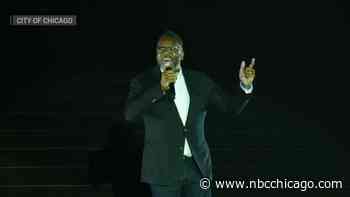 WATCH: Mayor Brandon Johnson introduces Billie Eilish to roaring crowd at Day 1 of Lollapalooza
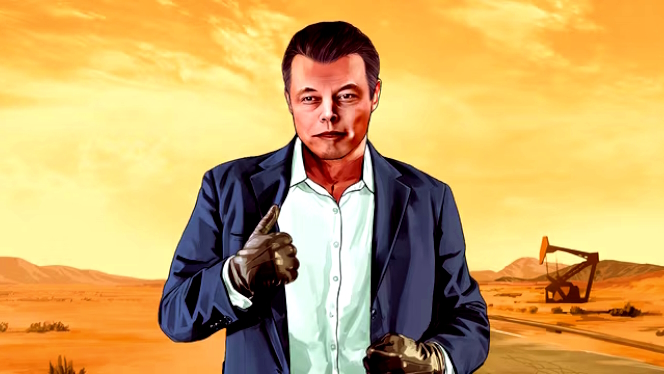 Controversial billionaire Elon Musk says he tried to play GTA V but "didn't like doing crime" in the game...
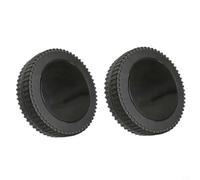 Crabop Lot de 2 roulettes robustes de 15,2 cm pour barbecues multifonctionnels - Douille en plastique robuste pour pieds de barbecue à gaz - Résistantes à la chaleur 152 mm de diamètre extérieur (noir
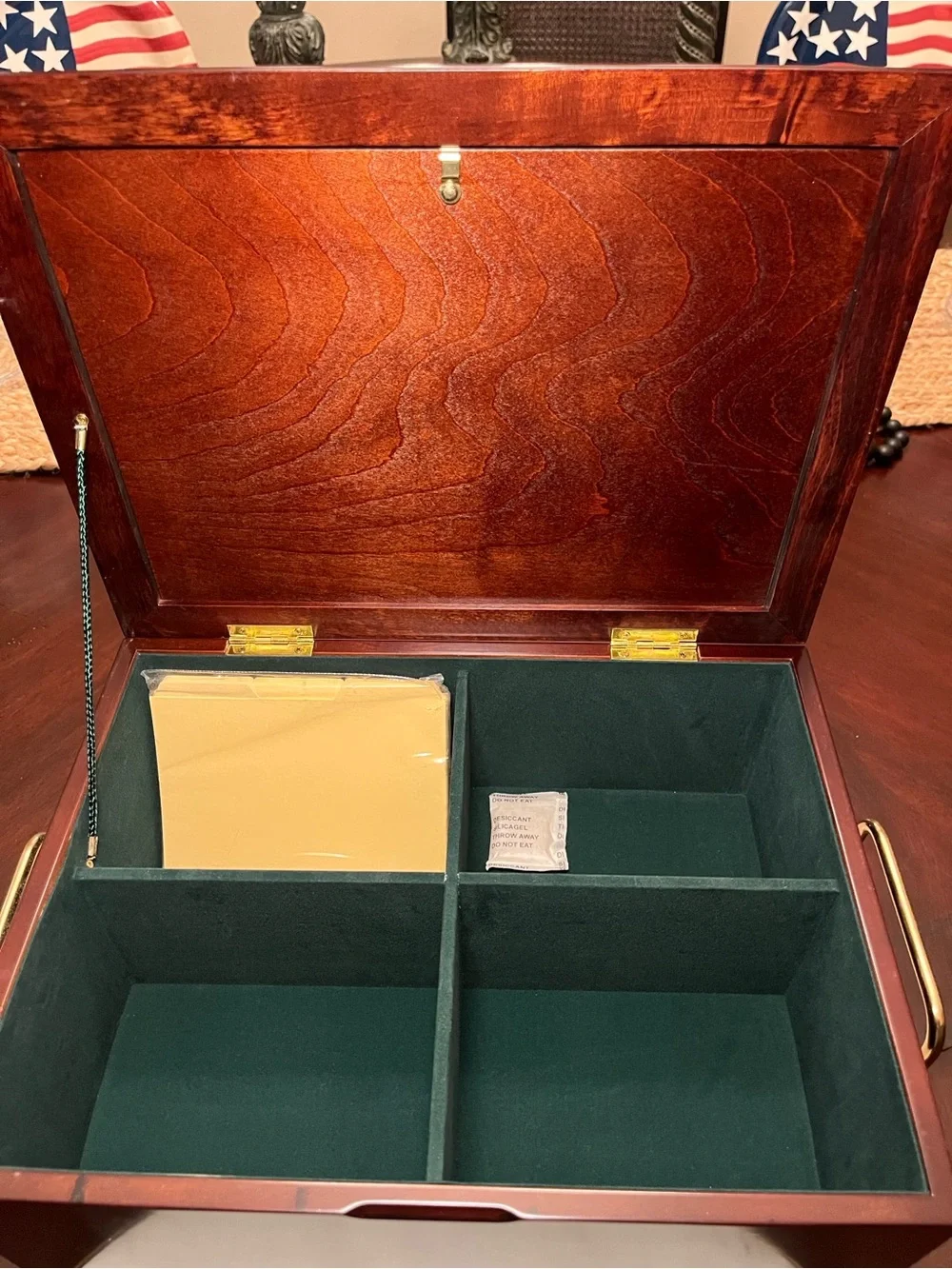 The Bombay Company Cherry Wood Photo Storage & Display Box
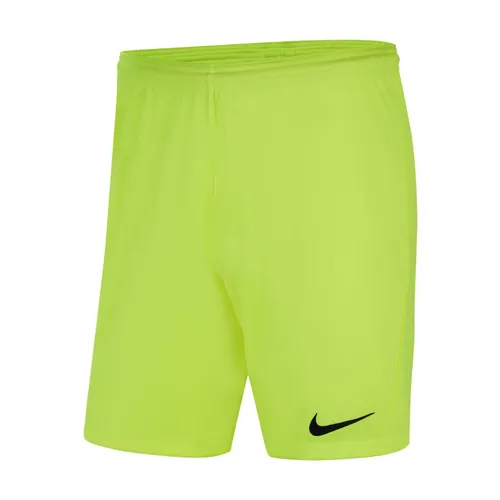 Nike BV6855-702 Dri-FIT Park 3 Shorts Men's Volt/Black Size
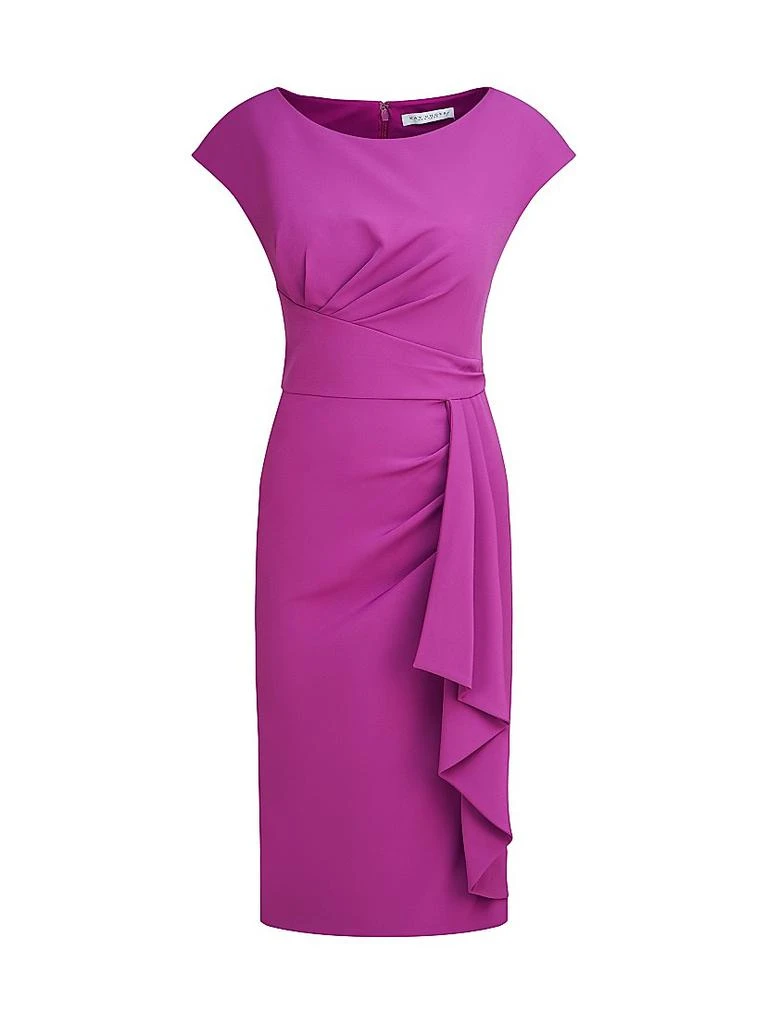 Kay Unger Linden Draped Crepe Cocktail Dress 1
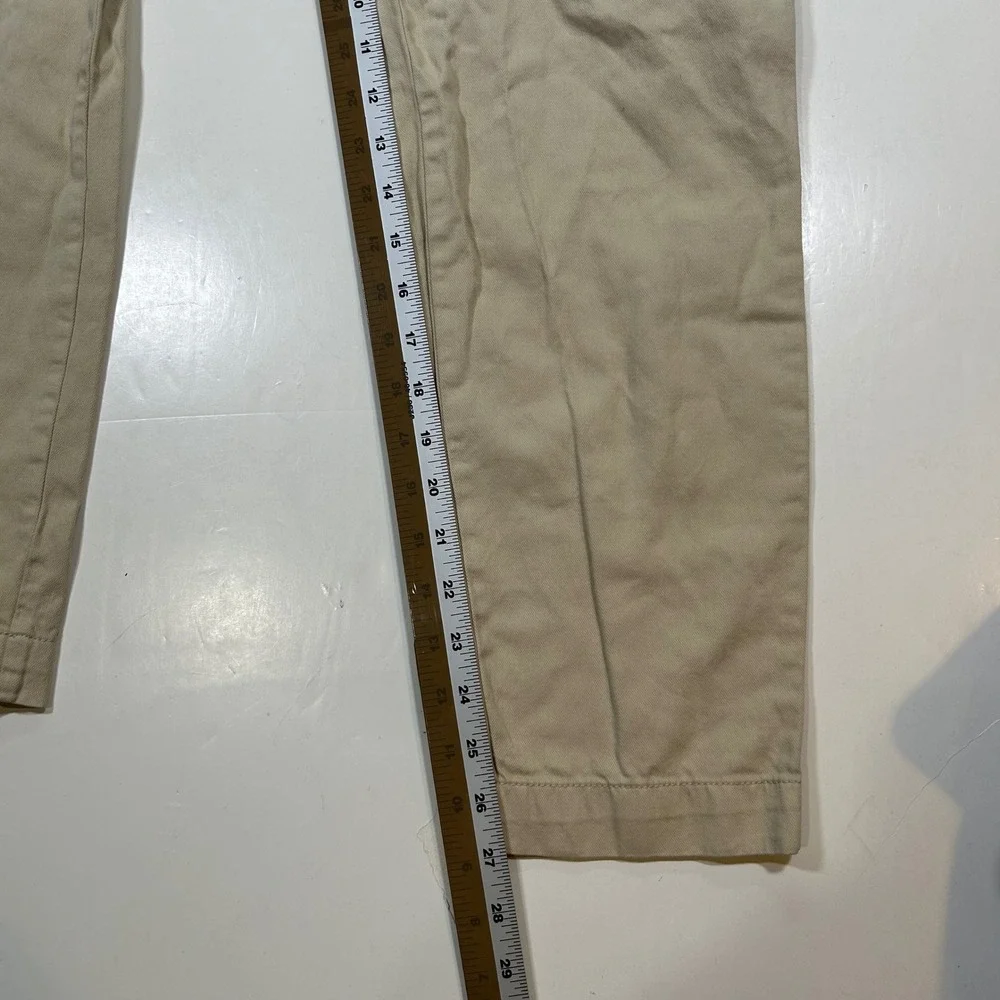 Gap Cargo Pants Elastic Waist Casual Khaki Beige Trousers Men's Size S‎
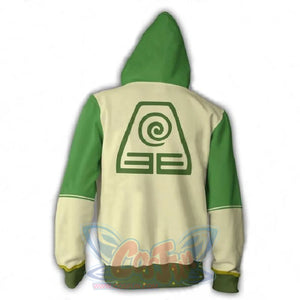 Avatar: The Last Airbender 3D Printed Polyester Zip Up Hoodie Hoodie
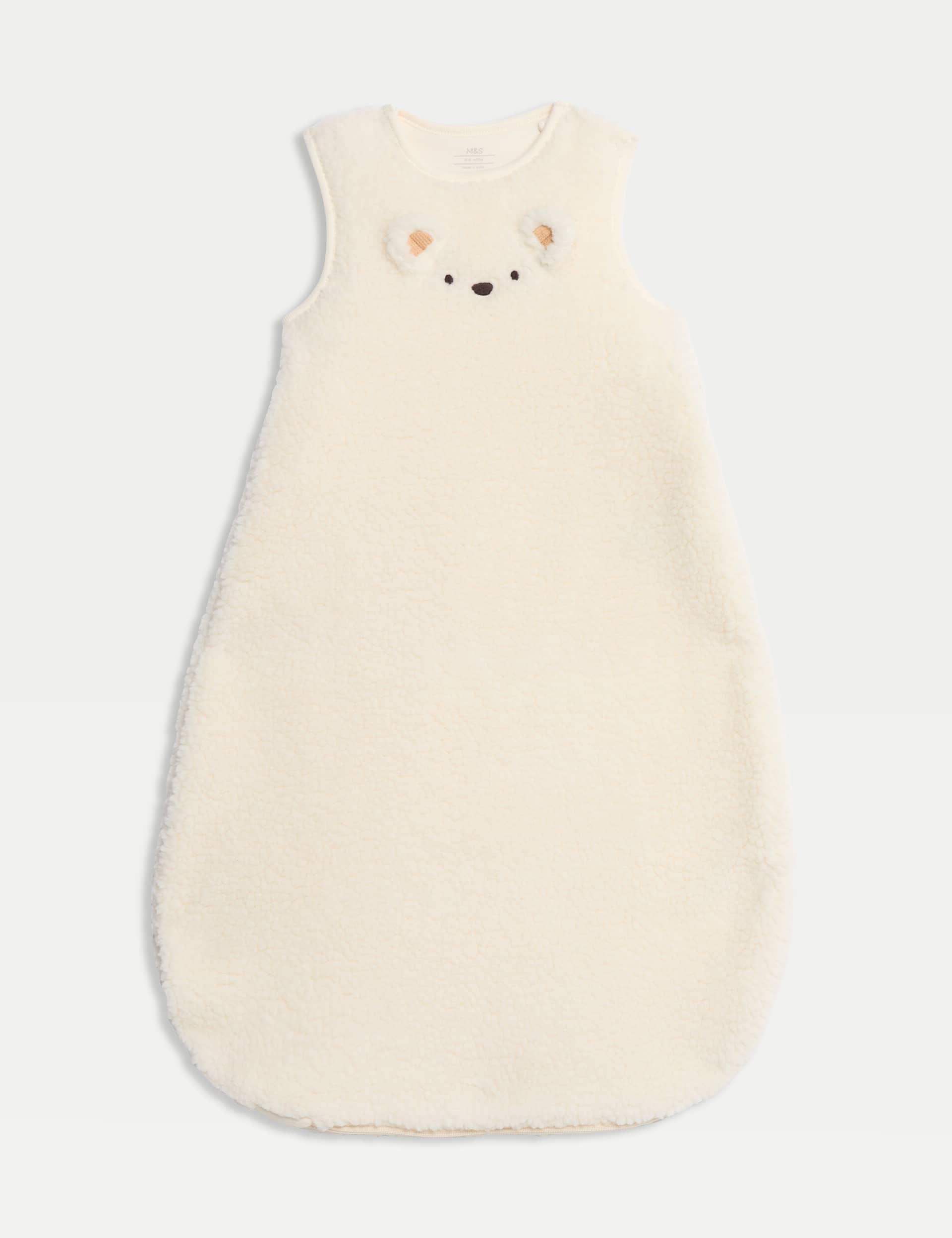 M&S Bear 2.5 Tog Sleeping Bag (0-36 Mths) - 18-36 - Cream Mix, Cream Mix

### [What is needed]
Pictures stay out of this copy. Retype exactly the lines from the one with "Avatar: The Last" through the last line of the data, both ends included, and nothing more.

### [Reply to the exercise]
 Avatar: The Last Airbender 3D Printed Polyester Zip Up Hoodie Hoodie
 M&S Bear 2.5 Tog Sleeping Bag (0-36 Mths) - 18-36 - Cream Mix, Cream Mix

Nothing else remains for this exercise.